TASK BRIEF: The line containing "Baby Boy Bowknot" marks the end; write out exactly every line from the start of the data up to and including it, without the pictures.

PROVIDED ENTRIES:
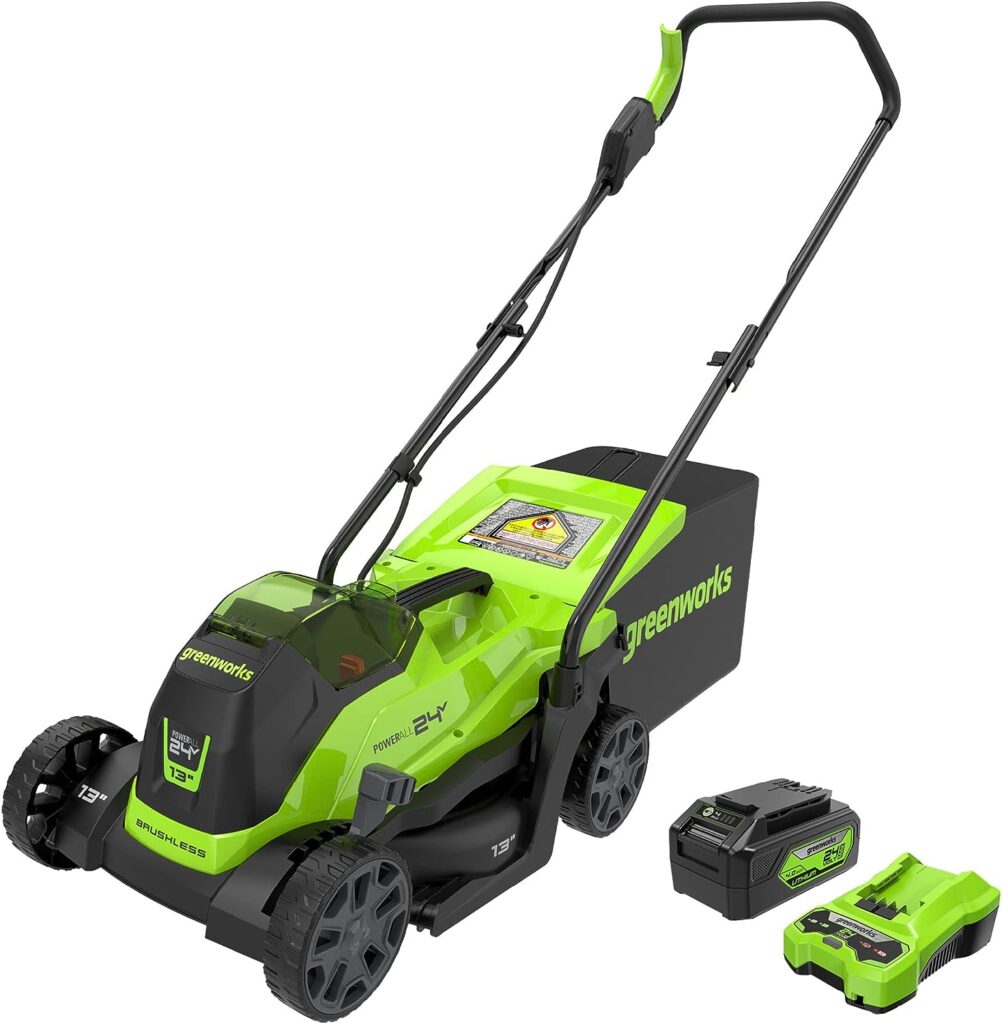 Greenworks 24V 13-Inch Brushless Push Lawn Mower, Cordless Electric Lawn Mower with 4.0Ah USB (Power Bank) Battery and Charger Included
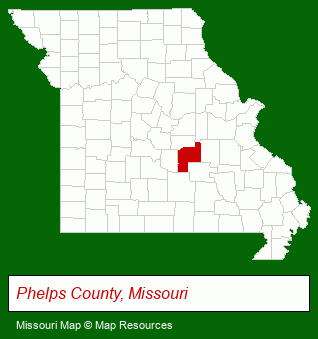 Missouri map, showing the general location of Brown Rentals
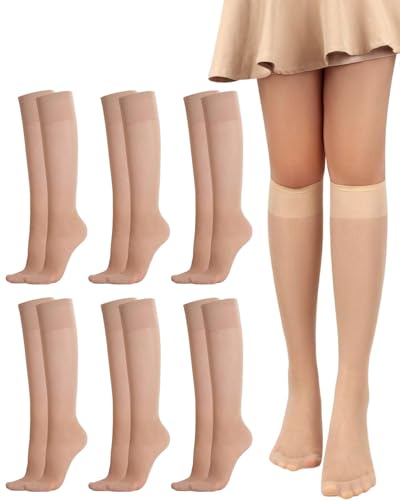 KEMUZ 6 Paar Kniestrümpfe Damen 15 DEN Nylonstrümpfe Ultra Transparente Reißfest Nylon Socken für Den Täglichen Gebrauch Besuch von Tanzpartys Einheitsgröße(Fleischfarbe) von KEMUZ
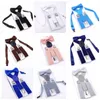 Baby Boy Bowknot Suspensórios Ajustável Suspender Conjuntos em Y Voltar Aparelho Sólido Cinto Bowtie Set Clipe Christmas Gift Gift 21 Cores BT5732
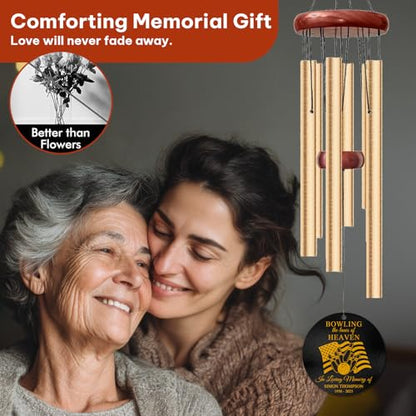 Personalized Bowling Memorial Wind Chime – “Bowling The Lanes of Heaven” Custom Engraved Name & Years – Sympathy Gift for Bowlers & Sports Lovers – Memorial Windchime Tribute for Loss of Loved One - size: BowlingWC 1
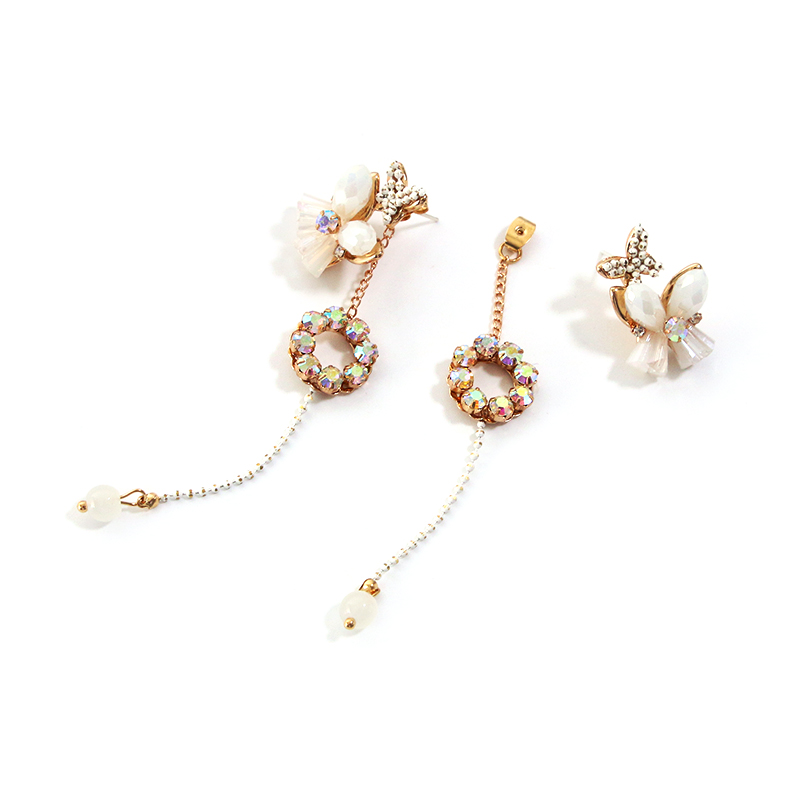 Gold Plated Crystal Diamond Butterfly 925 Sterling Silver Dangle Earrings for Women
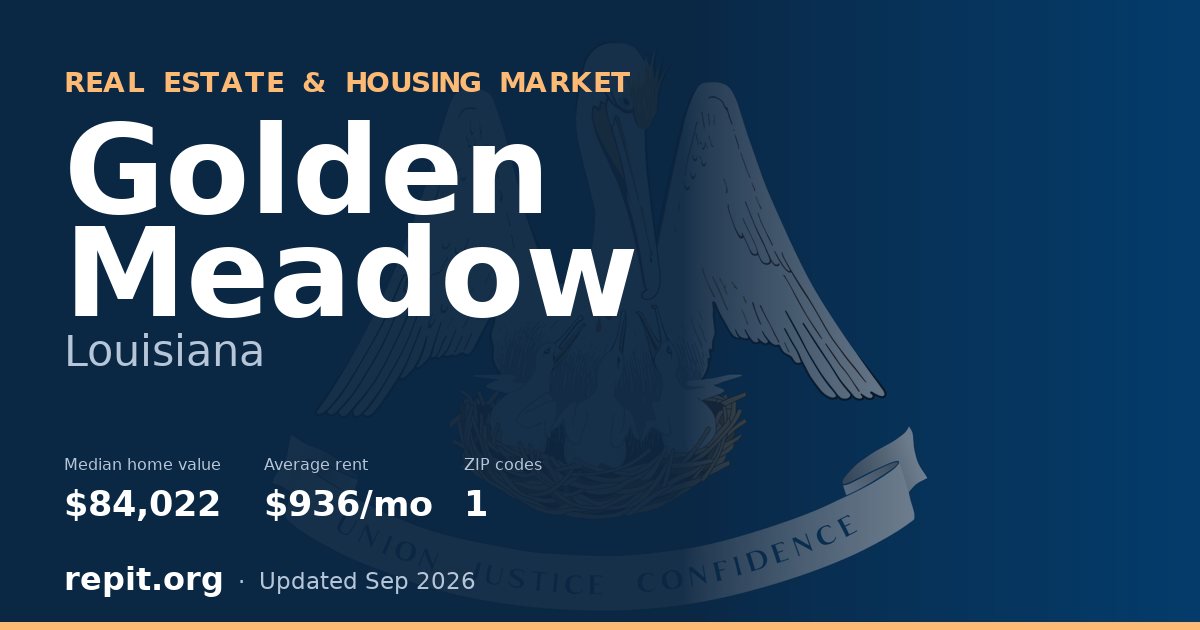 Golden Meadow, LA real estate and housing market — median home value $84,022, average rent $936/mo, 1 ZIP code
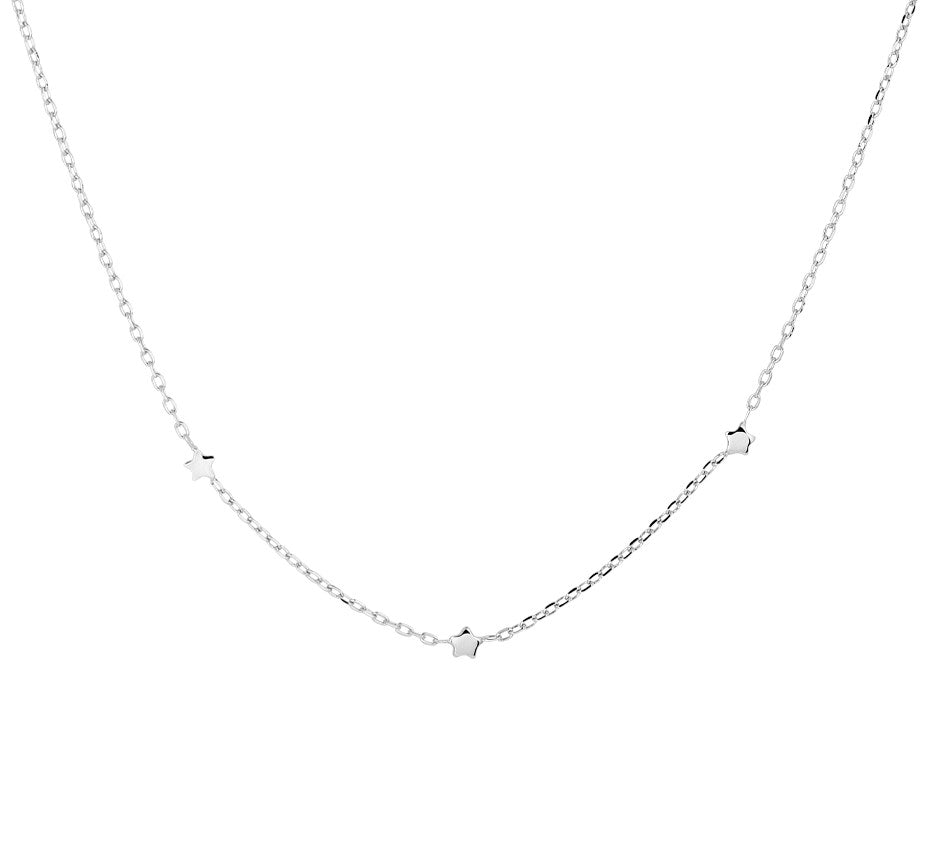 YO&NO Ketting sterren 41 + 4 cm zilver gerhodineerd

EXERCISE RESPONSE:
 Greenworks 24V 13-Inch Brushless Push Lawn Mower, Cordless Electric Lawn Mower with 4.0Ah USB (Power Bank) Battery and Charger Included
 Missouri map, showing the general location of Brown Rentals
 KEMUZ 6 Paar Kniestrümpfe Damen 15 DEN Nylonstrümpfe Ultra Transparente Reißfest Nylon Socken für Den Täglichen Gebrauch Besuch von Tanzpartys Einheitsgröße(Fleischfarbe) von KEMUZ
 Baby Boy Bowknot Suspensórios Ajustável Suspender Conjuntos em Y Voltar Aparelho Sólido Cinto Bowtie Set Clipe Christmas Gift Gift 21 Cores BT5732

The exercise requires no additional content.